Data Normalization Techniques
First step to make sense of data
Decimal scaling
Divide the data to make the max value below 1
Min-Max Normalization (scaling to a range)
Minimum get transformed to 0 and maximum gets transformed to 1.
v’ = (v-min/max-min)
Guarantees all features will have the exact same scale but does not handle outliers well
Z-Score Normalization (Robust Standardization)
Z-score is a variation of scaling that represents the number of standard deviations away from the mean.
v’ = ((v-mean)/standard deviation)
Handles outliers, but does not produce normalized data with the exact same scale
Log Transform
The Log Transform decreases the effect of the outliers, due to the normalization of magnitude differences and the model become more robust.
v’ = log(v)
Log scaling is helpful when a handful of your values have many points, while most other values have few points. This data distribution is known as the power law distribution
Feature Clipping
If your data set contains extreme outliers, you might try feature clipping, which caps all feature values above (or below) a certain value to fixed value.

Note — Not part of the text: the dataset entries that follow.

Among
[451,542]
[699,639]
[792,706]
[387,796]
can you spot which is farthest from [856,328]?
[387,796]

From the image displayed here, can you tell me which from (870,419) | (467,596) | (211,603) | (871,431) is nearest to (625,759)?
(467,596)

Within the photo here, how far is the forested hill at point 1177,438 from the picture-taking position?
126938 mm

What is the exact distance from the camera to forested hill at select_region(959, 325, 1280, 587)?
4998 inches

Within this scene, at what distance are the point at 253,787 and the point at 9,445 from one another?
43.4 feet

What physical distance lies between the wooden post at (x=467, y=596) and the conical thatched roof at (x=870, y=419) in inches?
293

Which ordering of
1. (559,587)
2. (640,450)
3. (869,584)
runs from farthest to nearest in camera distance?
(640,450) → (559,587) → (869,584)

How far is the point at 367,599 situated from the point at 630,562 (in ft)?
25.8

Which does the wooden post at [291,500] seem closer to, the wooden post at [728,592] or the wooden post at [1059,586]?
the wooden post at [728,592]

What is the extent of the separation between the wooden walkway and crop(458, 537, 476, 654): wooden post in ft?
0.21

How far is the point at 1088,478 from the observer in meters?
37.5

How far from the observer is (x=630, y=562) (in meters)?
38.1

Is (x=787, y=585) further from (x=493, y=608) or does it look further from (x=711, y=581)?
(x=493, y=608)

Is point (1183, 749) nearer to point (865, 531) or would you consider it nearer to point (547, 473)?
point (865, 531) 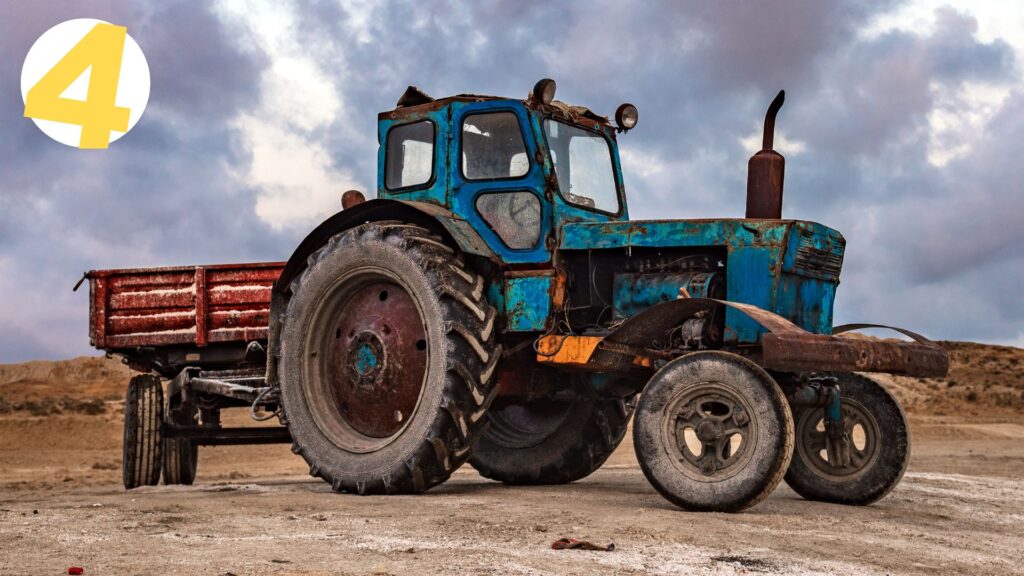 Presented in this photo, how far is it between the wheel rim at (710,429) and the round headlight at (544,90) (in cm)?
289

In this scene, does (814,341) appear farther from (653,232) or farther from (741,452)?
(653,232)

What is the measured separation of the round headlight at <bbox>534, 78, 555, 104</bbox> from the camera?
9.09m

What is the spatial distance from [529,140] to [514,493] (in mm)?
2783

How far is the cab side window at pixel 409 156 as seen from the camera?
371 inches

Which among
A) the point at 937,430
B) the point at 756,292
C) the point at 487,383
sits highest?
the point at 756,292

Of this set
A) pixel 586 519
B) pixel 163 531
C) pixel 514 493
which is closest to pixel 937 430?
pixel 514 493

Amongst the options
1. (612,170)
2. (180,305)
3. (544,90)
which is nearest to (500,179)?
(544,90)

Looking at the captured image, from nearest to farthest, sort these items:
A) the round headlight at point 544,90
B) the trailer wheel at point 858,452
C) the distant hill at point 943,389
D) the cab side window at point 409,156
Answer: the trailer wheel at point 858,452, the round headlight at point 544,90, the cab side window at point 409,156, the distant hill at point 943,389

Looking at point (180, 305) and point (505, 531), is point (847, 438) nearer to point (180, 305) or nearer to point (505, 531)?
point (505, 531)

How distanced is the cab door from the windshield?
0.94 feet

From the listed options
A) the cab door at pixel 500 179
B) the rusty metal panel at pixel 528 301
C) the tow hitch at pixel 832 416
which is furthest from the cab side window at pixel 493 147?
the tow hitch at pixel 832 416

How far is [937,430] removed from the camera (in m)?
22.6

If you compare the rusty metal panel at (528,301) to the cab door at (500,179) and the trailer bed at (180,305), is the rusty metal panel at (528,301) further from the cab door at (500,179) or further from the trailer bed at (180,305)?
the trailer bed at (180,305)

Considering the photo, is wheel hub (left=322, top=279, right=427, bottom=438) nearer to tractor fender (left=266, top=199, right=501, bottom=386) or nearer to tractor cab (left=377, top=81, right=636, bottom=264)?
tractor fender (left=266, top=199, right=501, bottom=386) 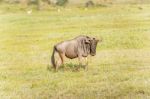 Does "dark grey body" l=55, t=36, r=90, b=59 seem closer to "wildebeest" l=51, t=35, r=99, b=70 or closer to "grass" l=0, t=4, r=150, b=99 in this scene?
"wildebeest" l=51, t=35, r=99, b=70

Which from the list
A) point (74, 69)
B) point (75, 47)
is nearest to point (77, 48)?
point (75, 47)

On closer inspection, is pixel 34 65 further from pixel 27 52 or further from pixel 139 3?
pixel 139 3

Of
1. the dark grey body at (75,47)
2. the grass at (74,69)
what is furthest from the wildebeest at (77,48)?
the grass at (74,69)

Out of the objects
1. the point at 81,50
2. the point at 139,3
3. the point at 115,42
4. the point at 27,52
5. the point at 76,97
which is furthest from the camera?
the point at 139,3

Buckets with equally spaced boundaries
the boundaries are fixed and encompass the same range
Buckets with Quantile Bucketing
Creating buckets that each have the same number of points
Spotting Outliers with Inter-Quartile Range
IQR = Q3-Q1
Lower Outlier Limit = Q1- 1.5*IQR
Upper Limit = Q3+1.5*!QR
example —
10.2, 14.1, 14.4. 14.4, 14.4, 14.5, 14.5, 14.6, 14.7, 14.7, 14.7, 14.9, 15.1, 15.9, 16.4
Q1(25th percentile) = 14.4
Q2(50th percentile) = 14.6
Q3(75th percentile) = 14.9
IQR = .5, Lower Limit = 13.65, Upper Limit =15.65